Alex Borodin
Alex Borodin

Reputation: 2034

Is using a query string in POST request a bad practice?

There is a system that sends POST requests from frontend to backend. These POST requests do not use the body to pass the data to the server; instead, it uses query strings in the URL params.

These requests do not send files or JSON, only several string params.

W3C does not describe that situation https://www.w3.org/Protocols/rfc2616/rfc2616-sec9.html

Is it a bad practice to use query strings for POST requests, and if there any negative consequences of using that from security or performance or architecture reasons?

Are there any conventions that define the usage of body or query strings for different types of requests?

Upvotes: 7

Views: 14236

Answers (2)

VoiceOfUnreason
VoiceOfUnreason

Reputation: 57289

Reminder: In 2014, RFC2616 was replaced by multiple RFCs (7230-7237).
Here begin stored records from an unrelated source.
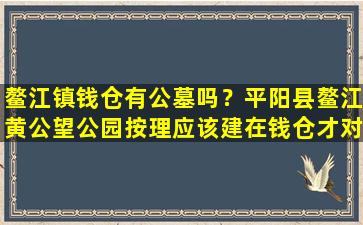 鳌江镇钱仓有公墓吗？平阳县鳌江黄公望公园按理应该建在钱仓才对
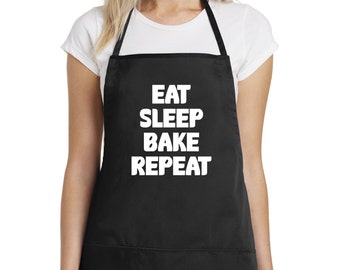 Baking Apron, Cooking Apron, Women's Apron, Gift For Her - Eat Bake Sleep Repeat - Vz1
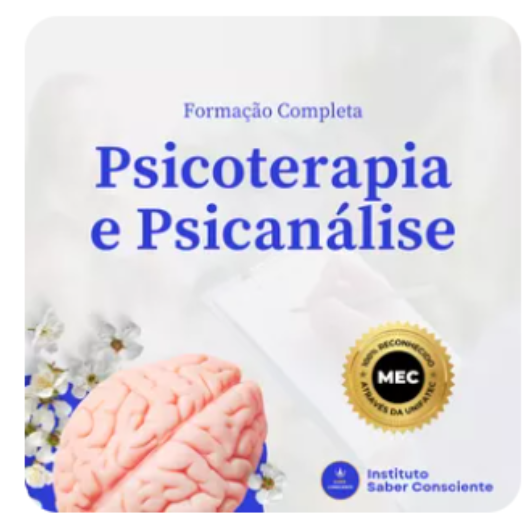Psicoterapia e Psicanálise - Formação completa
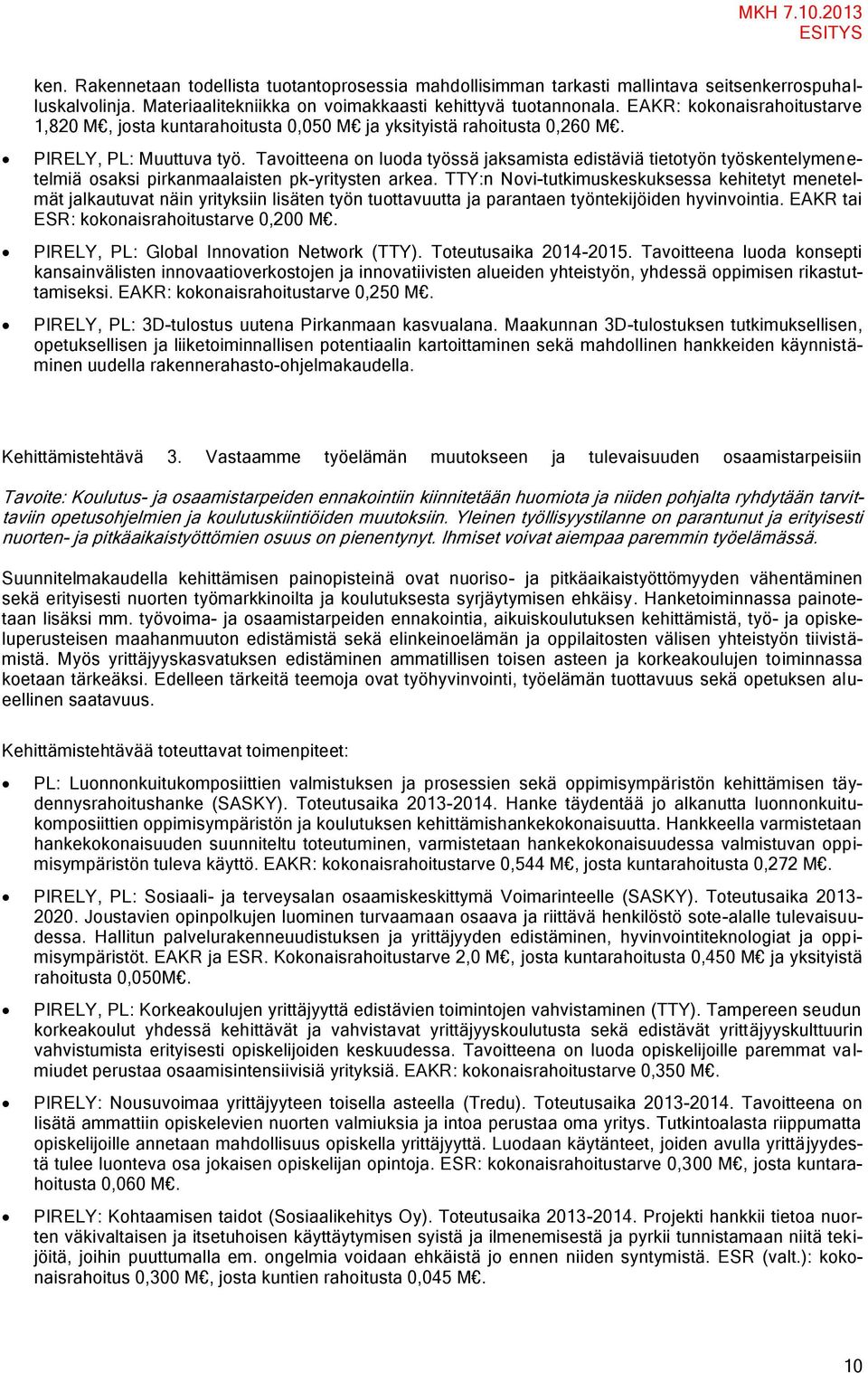 Tavoitteena on luoda työssä jaksamista edistäviä tietotyön työskentelymenetelmiä osaksi pirkanmaalaisten pk-yritysten arkea.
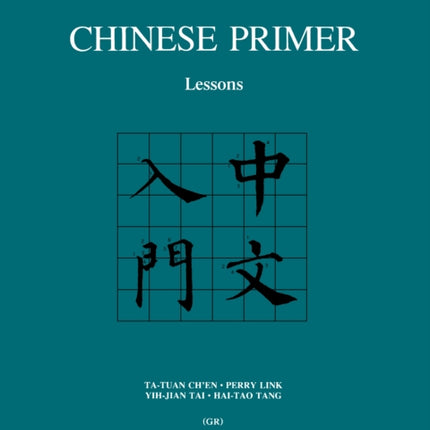 Chinese Primer: Lessons (GR)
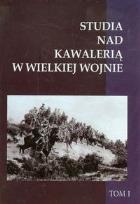 Opakowanie Studia nad Kawalerią w Wielkiej Wojnie t.1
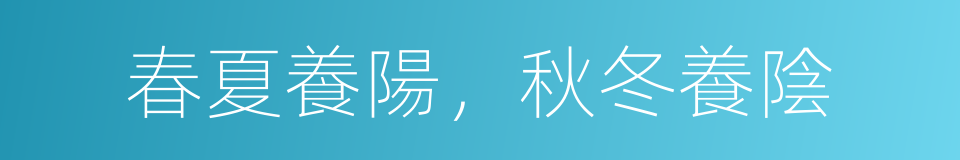 春夏養陽，秋冬養陰的意思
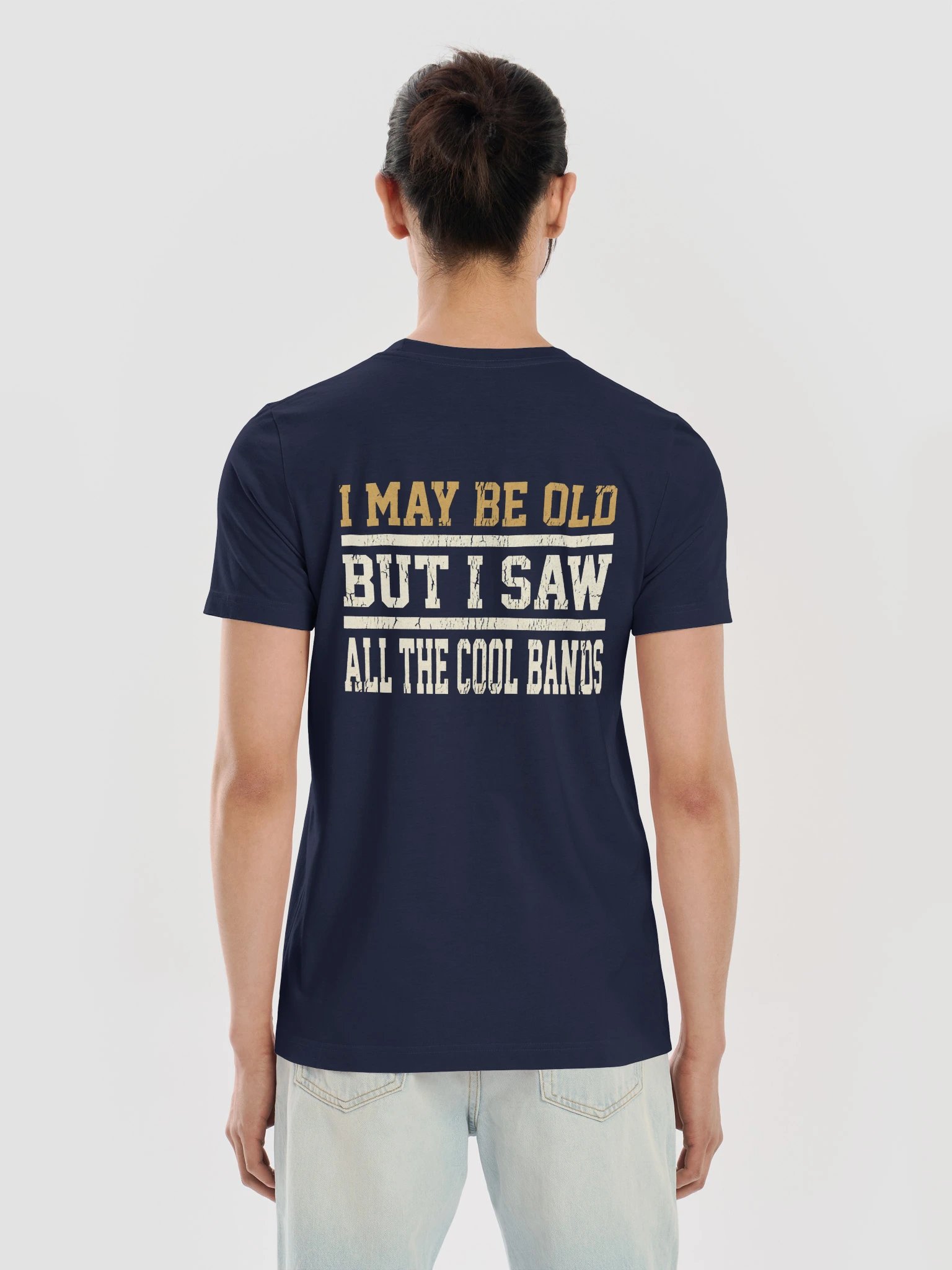 I May Be Old But I Saw All The Cool Bands Shirt - Funny Gift For Him product image (11)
Is using a query string in POST request a bad practice?

Not if you know what you are doing.

Mechanically, it is all fine: are we allowed to use POST with a target-uri that includes a query-part? Yes. Are we allowed to use POST with an empty request body? Yes. Are we allowed to do both of those things at the same time? Yes.

The hard part: will this POST request invalidate the correct representations from the cache?

Cache-invalidation happens when the server returns a non-error response to an unsafe request (POST is an unsafe request method). The representations that are invalidated are those that match the target-uri of the unsafe request.

GET /foo?a=b HTTP/2.0
POST /foo?a=b HTTP/2.0

Here, if the POST is successful, the representations cached after the successful GET request will be invalidated in the cache.

GET /foo HTTP/2.0
POST /foo?a=b HTTP/2.0

Here, the effective request-uri is not the same, which means that general purpose components won't invalidate the cached representations of /foo.

Upvotes: 7

deceze
deceze

Reputation: 522480

There's nothing wrong with using query parameters in a URL in a POST request, with or without a request body. If it makes semantic sense for your request, it's fine. The POST method in itself has a semantic meaning distinct from GET, it doesn't require a request body to be useful, and the URL is yet distinct from that again. A classic example might be:

POST /foo/bar?token=83q2fn2093c8jm203

I.e., passing some sort of token through the URL.

There's no general security problem here, since anyone who could intercept this POST request to read the URL could also read its body data; you'll hardly find an attacker in a position that allows them to read the URL but not the body. However, URLs are typically logged in server access logs and browser histories, while request bodies aren't; that may or may not be worth considering, depending on what information you're transporting in those parameters and who has access to those logs.